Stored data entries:
========================

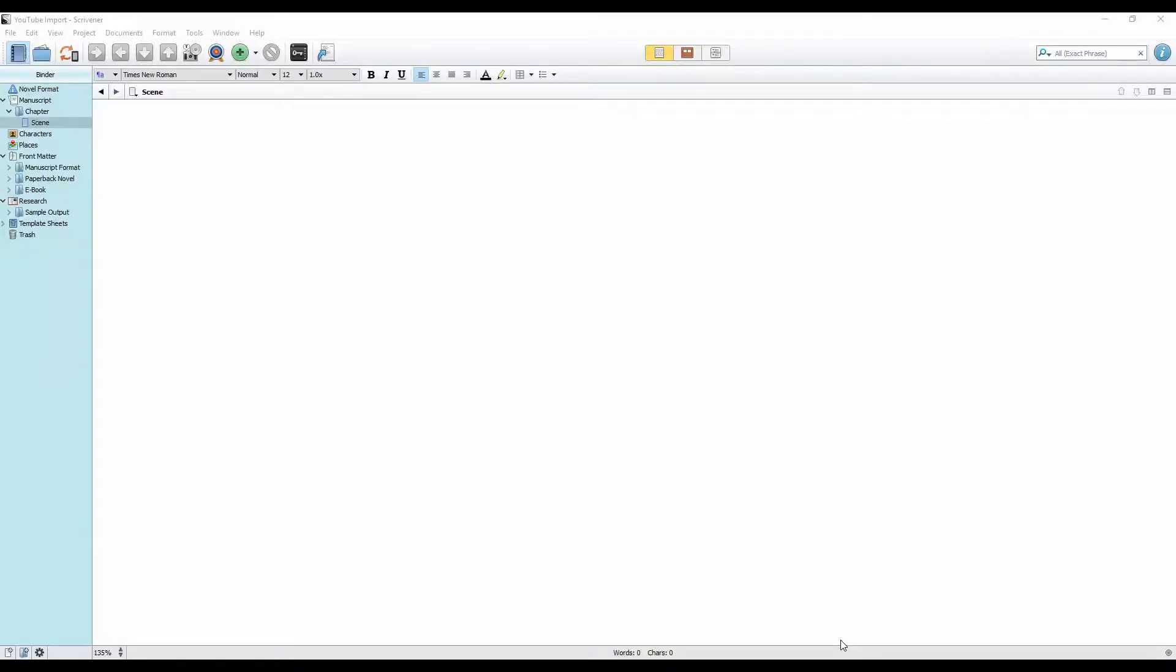We're taking a look at how to import our documents into Scrivener. There are two ways to do this. Well, actually, there's more than two ways. There's always more than two ways to do anything in a software program. I'm going to look at what I feel are the two best ways.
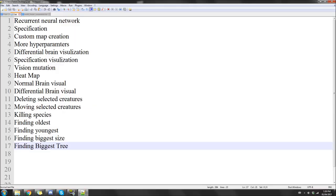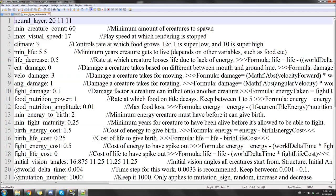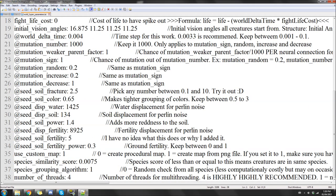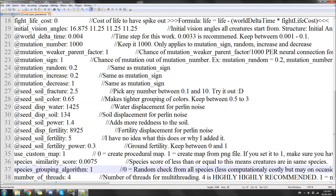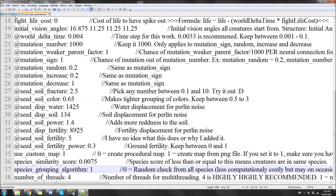Before I move forward, I'm going to quickly go over some of the additions in Elsa's version two. The first and biggest one is recurrent neural networks — I'll go over how they actually work. There's also speciation — the ability for creatures to group into different species — custom map creation, and more hyperparameters. In Elsa's version one there were 25; now there's 38.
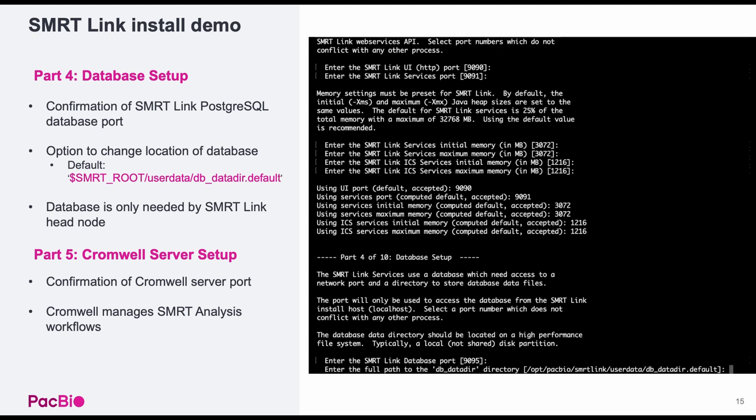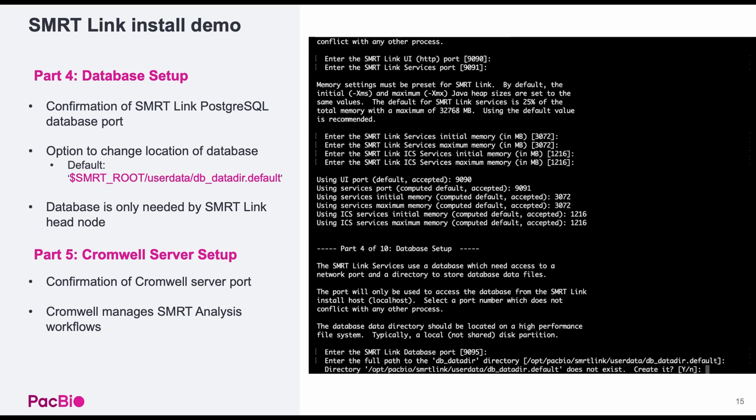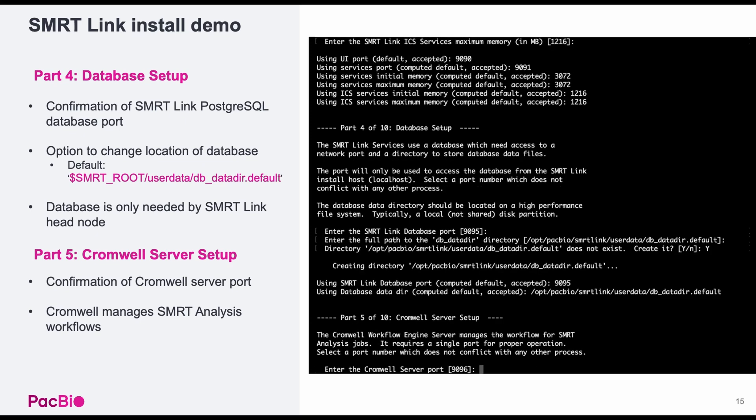Part four is setting up the SmartLink SQL database. In particular, the placement of the database can be altered, but I will be accepting the default location in smartroot userdata dbdatadir.default. Part five is setting up the SmartLink Cromwell server for smart analysis jobs. Again, the default port can be accepted.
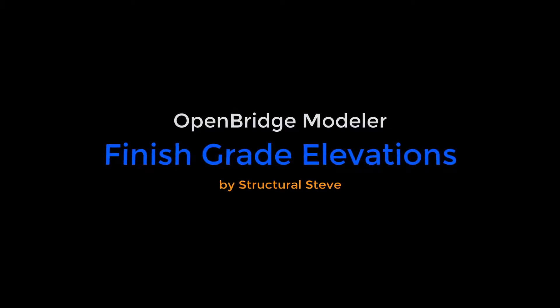Hey everybody, this is Structural Steve again and in this video I'm going to go over finish grade elevations and the different reports you can run within OpenBridgeModeler.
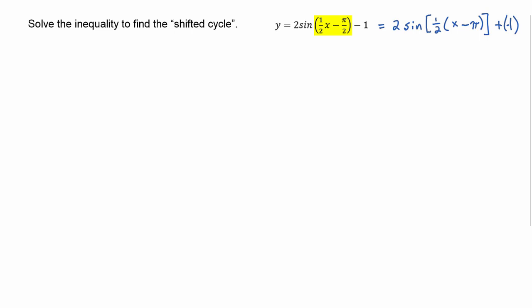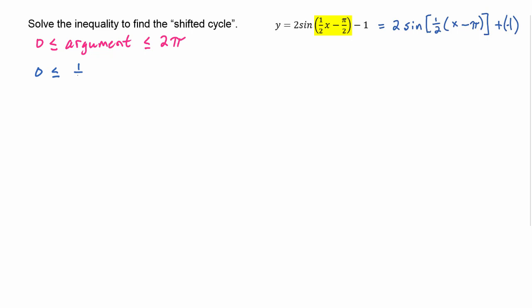Next we have to solve the inequality to find the shifted cycle. We can use either form of the argument — either the unfactored original form or the factored form. I tend to use the unfactored form. Remember, you always start with zero less than or equal to the argument less than or equal to two pi, since this is a sine graph. The argument of our function is one half x minus pi over two. You could also use the factored form, one half times the quantity x minus pi — totally fine as well.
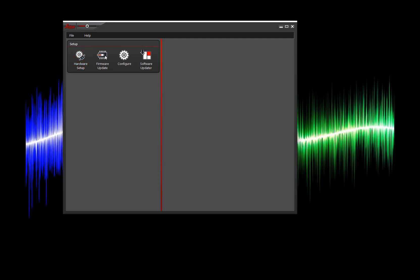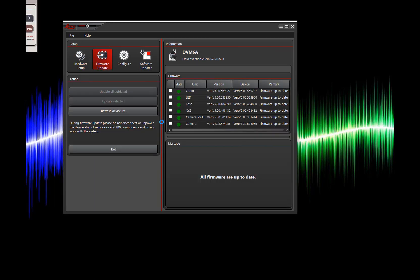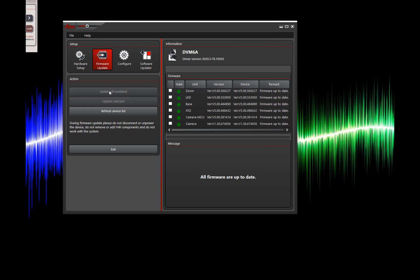From here we're going to go to our firmware updater as I mentioned during the installation process. And we're going to click update all outdated. On this computer all of my firmware has been updated. But you would simply update and these would all turn to green lights when you're completed.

========================

I'd like the lines above repeated exactly, from the one that contains "Hey everybody, this" through the one that contains "Next we have", with no pictures.

Hey everybody, this is Structural Steve again and in this video I'm going to go over finish grade elevations and the different reports you can run within OpenBridgeModeler.
Next we have to solve the inequality to find the shifted cycle. We can use either form of the argument — either the unfactored original form or the factored form. I tend to use the unfactored form. Remember, you always start with zero less than or equal to the argument less than or equal to two pi, since this is a sine graph. The argument of our function is one half x minus pi over two. You could also use the factored form, one half times the quantity x minus pi — totally fine as well.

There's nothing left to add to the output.